*TASK BRIEF*: Find the line with "수막구균 벡세로프리필드시린지 가격" in the entries below. Repeat it, every following line, and the line with "Pool and in-ground hot tub", exactly and with nothing added.

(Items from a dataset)
=-=-=-=-=

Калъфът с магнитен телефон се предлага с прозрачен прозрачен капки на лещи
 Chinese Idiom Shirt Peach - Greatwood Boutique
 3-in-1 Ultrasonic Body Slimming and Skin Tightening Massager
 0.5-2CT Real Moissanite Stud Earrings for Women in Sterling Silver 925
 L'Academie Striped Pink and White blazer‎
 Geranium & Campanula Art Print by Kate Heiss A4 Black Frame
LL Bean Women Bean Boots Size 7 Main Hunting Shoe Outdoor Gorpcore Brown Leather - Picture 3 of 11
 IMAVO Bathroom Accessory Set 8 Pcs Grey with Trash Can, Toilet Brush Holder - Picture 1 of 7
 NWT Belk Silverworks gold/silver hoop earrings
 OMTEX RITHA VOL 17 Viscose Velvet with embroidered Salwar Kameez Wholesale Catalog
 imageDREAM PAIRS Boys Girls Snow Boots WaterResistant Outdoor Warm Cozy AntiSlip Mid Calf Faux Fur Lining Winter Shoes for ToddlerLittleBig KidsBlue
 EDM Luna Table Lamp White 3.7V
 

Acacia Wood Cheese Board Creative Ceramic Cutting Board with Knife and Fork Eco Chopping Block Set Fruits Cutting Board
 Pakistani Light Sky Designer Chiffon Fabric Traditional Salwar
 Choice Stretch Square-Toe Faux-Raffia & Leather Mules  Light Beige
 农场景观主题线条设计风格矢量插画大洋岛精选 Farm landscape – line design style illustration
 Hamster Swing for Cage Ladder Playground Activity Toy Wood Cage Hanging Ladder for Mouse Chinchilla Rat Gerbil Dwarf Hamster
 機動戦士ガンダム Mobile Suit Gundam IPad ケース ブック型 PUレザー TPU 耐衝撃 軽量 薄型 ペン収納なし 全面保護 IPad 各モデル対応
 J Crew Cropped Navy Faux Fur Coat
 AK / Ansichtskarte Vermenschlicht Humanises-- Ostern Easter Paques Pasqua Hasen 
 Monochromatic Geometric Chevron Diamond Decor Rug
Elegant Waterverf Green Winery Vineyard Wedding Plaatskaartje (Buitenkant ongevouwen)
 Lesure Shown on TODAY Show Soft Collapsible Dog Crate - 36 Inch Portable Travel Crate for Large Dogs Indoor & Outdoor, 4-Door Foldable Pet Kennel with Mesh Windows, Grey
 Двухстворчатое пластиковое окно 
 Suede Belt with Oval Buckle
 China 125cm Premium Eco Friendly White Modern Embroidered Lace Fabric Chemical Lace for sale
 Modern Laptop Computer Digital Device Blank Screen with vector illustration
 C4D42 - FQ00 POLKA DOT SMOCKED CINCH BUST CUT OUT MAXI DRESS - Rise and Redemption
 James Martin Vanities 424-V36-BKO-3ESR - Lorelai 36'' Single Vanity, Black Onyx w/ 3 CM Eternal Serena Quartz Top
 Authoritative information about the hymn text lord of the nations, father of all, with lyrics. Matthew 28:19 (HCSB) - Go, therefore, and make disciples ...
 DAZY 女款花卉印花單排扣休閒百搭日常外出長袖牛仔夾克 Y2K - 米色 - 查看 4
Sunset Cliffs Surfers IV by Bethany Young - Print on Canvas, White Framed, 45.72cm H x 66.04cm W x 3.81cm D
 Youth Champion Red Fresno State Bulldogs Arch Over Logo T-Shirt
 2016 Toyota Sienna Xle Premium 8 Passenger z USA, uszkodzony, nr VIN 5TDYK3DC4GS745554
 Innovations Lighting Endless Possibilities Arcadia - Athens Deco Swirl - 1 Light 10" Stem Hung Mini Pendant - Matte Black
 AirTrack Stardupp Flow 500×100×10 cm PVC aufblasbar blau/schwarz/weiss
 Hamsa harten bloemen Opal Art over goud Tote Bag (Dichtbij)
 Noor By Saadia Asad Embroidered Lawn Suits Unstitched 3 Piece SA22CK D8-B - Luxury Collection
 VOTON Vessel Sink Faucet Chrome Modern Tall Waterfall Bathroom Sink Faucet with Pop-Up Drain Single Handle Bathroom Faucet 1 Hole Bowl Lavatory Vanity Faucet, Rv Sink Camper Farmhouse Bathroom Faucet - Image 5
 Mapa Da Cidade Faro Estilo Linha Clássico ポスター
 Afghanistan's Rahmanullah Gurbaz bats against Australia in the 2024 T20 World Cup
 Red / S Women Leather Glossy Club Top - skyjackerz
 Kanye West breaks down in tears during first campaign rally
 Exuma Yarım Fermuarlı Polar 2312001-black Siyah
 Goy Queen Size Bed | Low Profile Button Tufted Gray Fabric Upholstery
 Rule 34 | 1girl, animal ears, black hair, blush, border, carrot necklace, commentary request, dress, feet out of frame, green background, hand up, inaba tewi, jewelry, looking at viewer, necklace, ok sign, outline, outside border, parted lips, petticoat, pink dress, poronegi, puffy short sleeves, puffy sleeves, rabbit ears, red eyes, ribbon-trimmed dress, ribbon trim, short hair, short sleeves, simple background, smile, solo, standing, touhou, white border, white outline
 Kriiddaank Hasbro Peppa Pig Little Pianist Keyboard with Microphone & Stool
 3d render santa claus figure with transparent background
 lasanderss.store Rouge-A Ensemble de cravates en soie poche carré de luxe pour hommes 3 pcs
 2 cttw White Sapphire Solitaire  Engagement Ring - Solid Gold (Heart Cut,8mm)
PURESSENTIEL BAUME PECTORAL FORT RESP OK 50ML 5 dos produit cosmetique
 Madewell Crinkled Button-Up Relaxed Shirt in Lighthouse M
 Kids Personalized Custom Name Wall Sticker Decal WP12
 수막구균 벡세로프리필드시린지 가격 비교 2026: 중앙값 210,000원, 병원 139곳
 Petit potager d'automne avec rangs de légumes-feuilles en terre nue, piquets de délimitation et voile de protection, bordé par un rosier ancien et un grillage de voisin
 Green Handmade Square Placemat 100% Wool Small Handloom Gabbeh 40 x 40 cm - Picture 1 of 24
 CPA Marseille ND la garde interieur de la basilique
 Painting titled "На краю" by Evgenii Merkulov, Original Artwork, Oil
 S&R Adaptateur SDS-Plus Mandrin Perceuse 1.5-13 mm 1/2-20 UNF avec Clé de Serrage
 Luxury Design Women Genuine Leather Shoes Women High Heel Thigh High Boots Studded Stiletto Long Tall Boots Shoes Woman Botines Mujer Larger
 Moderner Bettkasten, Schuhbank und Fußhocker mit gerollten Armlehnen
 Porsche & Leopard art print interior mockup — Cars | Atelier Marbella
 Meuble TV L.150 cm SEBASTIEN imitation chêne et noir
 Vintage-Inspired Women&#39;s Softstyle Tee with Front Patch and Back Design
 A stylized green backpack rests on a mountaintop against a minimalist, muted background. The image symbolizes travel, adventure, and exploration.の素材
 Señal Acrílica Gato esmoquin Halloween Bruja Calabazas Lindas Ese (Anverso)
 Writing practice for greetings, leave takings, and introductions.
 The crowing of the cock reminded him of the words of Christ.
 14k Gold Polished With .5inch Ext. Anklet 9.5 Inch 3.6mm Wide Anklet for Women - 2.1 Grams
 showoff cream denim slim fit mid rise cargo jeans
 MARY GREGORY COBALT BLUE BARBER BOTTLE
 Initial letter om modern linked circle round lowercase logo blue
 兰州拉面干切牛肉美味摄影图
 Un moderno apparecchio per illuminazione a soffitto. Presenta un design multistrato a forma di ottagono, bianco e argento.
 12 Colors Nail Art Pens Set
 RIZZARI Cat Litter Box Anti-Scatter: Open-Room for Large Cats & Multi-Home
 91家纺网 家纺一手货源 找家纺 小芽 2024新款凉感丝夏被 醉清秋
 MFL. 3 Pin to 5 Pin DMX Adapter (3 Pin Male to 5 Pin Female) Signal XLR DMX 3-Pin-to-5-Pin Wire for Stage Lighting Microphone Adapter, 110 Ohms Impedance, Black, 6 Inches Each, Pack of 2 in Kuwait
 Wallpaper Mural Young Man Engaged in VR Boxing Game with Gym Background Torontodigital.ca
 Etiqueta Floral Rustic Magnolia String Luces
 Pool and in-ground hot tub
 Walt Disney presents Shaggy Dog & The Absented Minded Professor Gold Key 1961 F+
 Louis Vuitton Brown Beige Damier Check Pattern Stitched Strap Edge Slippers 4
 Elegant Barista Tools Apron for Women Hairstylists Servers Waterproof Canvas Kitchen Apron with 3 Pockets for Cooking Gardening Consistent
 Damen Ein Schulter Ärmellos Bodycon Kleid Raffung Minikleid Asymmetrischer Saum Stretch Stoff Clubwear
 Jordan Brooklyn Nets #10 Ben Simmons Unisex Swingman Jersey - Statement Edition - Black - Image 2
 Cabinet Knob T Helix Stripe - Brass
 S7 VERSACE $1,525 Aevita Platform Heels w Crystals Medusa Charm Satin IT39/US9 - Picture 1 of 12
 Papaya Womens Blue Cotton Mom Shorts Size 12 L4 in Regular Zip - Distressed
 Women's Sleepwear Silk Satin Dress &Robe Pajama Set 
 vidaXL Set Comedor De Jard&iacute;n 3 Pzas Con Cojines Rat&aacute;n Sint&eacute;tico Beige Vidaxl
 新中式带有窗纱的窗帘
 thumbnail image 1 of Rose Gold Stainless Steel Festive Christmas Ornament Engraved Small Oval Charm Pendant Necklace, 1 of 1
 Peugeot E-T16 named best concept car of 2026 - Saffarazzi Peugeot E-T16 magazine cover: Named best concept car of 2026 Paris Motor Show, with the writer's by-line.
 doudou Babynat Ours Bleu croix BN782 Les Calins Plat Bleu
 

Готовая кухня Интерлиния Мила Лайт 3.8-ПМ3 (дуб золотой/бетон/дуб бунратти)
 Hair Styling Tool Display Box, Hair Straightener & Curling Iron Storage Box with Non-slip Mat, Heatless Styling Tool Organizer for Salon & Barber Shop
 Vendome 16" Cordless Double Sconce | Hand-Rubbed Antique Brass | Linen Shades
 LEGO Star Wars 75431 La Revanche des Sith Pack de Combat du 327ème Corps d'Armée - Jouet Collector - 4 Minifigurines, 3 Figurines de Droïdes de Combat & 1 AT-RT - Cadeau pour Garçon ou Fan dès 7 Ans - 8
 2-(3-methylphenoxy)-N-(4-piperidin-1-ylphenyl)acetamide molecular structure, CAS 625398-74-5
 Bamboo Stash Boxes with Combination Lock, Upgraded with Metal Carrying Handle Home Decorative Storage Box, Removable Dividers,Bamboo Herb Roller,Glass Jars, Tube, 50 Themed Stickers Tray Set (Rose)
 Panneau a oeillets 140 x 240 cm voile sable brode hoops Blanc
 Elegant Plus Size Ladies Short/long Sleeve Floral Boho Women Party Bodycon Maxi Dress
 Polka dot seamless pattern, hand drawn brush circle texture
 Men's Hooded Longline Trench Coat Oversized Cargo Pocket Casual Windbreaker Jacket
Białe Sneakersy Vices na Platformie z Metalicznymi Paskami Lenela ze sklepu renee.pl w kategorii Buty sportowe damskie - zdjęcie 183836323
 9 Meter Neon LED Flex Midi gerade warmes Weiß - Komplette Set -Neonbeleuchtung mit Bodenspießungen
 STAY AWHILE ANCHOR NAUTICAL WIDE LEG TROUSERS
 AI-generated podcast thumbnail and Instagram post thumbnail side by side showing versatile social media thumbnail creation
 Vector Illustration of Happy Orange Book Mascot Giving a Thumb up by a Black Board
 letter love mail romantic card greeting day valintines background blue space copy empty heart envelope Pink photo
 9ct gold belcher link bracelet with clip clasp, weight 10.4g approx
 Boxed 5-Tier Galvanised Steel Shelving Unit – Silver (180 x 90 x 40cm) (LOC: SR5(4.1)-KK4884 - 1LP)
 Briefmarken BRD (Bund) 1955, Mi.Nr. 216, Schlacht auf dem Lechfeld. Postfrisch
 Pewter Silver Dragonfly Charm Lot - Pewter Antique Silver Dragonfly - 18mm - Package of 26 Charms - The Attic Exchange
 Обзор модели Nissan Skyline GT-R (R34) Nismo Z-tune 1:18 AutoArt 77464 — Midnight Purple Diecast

=-=-=-=-=

*SOLUTION FOR THIS PROBLEM*:
 수막구균 벡세로프리필드시린지 가격 비교 2026: 중앙값 210,000원, 병원 139곳
 Petit potager d'automne avec rangs de légumes-feuilles en terre nue, piquets de délimitation et voile de protection, bordé par un rosier ancien et un grillage de voisin
 Green Handmade Square Placemat 100% Wool Small Handloom Gabbeh 40 x 40 cm - Picture 1 of 24
 CPA Marseille ND la garde interieur de la basilique
 Painting titled "На краю" by Evgenii Merkulov, Original Artwork, Oil
 S&R Adaptateur SDS-Plus Mandrin Perceuse 1.5-13 mm 1/2-20 UNF avec Clé de Serrage
 Luxury Design Women Genuine Leather Shoes Women High Heel Thigh High Boots Studded Stiletto Long Tall Boots Shoes Woman Botines Mujer Larger
 Moderner Bettkasten, Schuhbank und Fußhocker mit gerollten Armlehnen
 Porsche & Leopard art print interior mockup — Cars | Atelier Marbella
 Meuble TV L.150 cm SEBASTIEN imitation chêne et noir
 Vintage-Inspired Women&#39;s Softstyle Tee with Front Patch and Back Design
 A stylized green backpack rests on a mountaintop against a minimalist, muted background. The image symbolizes travel, adventure, and exploration.の素材
 Señal Acrílica Gato esmoquin Halloween Bruja Calabazas Lindas Ese (Anverso)
 Writing practice for greetings, leave takings, and introductions.
 The crowing of the cock reminded him of the words of Christ.
 14k Gold Polished With .5inch Ext. Anklet 9.5 Inch 3.6mm Wide Anklet for Women - 2.1 Grams
 showoff cream denim slim fit mid rise cargo jeans
 MARY GREGORY COBALT BLUE BARBER BOTTLE
 Initial letter om modern linked circle round lowercase logo blue
 兰州拉面干切牛肉美味摄影图
 Un moderno apparecchio per illuminazione a soffitto. Presenta un design multistrato a forma di ottagono, bianco e argento.
 12 Colors Nail Art Pens Set
 RIZZARI Cat Litter Box Anti-Scatter: Open-Room for Large Cats & Multi-Home
 91家纺网 家纺一手货源 找家纺 小芽 2024新款凉感丝夏被 醉清秋
 MFL. 3 Pin to 5 Pin DMX Adapter (3 Pin Male to 5 Pin Female) Signal XLR DMX 3-Pin-to-5-Pin Wire for Stage Lighting Microphone Adapter, 110 Ohms Impedance, Black, 6 Inches Each, Pack of 2 in Kuwait
 Wallpaper Mural Young Man Engaged in VR Boxing Game with Gym Background Torontodigital.ca
 Etiqueta Floral Rustic Magnolia String Luces
 Pool and in-ground hot tub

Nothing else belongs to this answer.